She's a doll! Congratulations.
We have a working pair of Pyr's and they are amazing!
Personally, I would never have just one LGD, they are not super dogs, even though those of us who have them like to think they are.
It doesn't affect any of the bonding to the stock to have more than one.
As she is still just a baby, she shouldn't be put out with the animals and expected to really defend them, yet. She will try, but there's just no way a puppy can do that alone, and make it out ok.

Train her to walk on, or at least tolerate a leash, she will need occasional vet visits, she needs to behave. Our two hate leaving the property, but they do behave on a leash, thank goodness, as our male is 180 pounds of muscled up goof ball, and there is no way I could handle him if he wasn't trained. Socializing is a good thing, but keep it in the context of your family, and in her area as much as possible, for now.
As to spaying her, she will go looking for love when she goes into heat. At her age she has no doubt had one cycle all ready, if not, get ready for it, it'll be any time now.
Unless you are planning on breeding her, get her spayed at about 18 months or so.
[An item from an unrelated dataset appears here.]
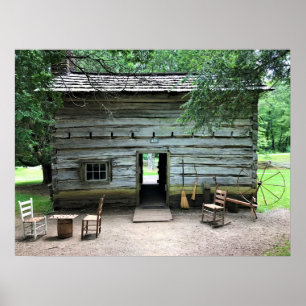Poster Casa Appalachian em Mabry Mill, Virginia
That allows for proper long bone growth.
She will breed with a yote' when in season!! So keep her secured very, very well. As she will actually back herself right up to the fence. Shameful hussies that they are..:facepalm:
As to the collar issue, I agree, get one on her asap. Starting with those thin nylon ones is ok, gradually work up to a serious one. I had our adult dogs collars made by a local saddle maker, they are 5 inches wide of double thick belt leather, Helps protect them while they are working. Mind you , they got these as a Christmas present for their 2nd Christmas this year, as they are finally full grown, so the sizing was right. Up until then they both wore three thick nylon ones., yes three each, tied together with para-cord. It made for more neck protection against attacking predators.:thumb:

You have alot of information to process, but it looks like you've found a really great dog.


----------



## Dead Rabbit (Oct 30, 2010)

nathan104 said:


> Like I said above, for at least another 6 months, I plan on leaving the goats-
> and the LGD in the side pasture by our house where its safe.- Im hoping by the-
> time she is 18 months she will be mature enough to handle LGD duties and I can-
> move them all back across the street into our big goat pasture where we have the-
> ...



in bold is the best advice youve been given. from my experience.


----------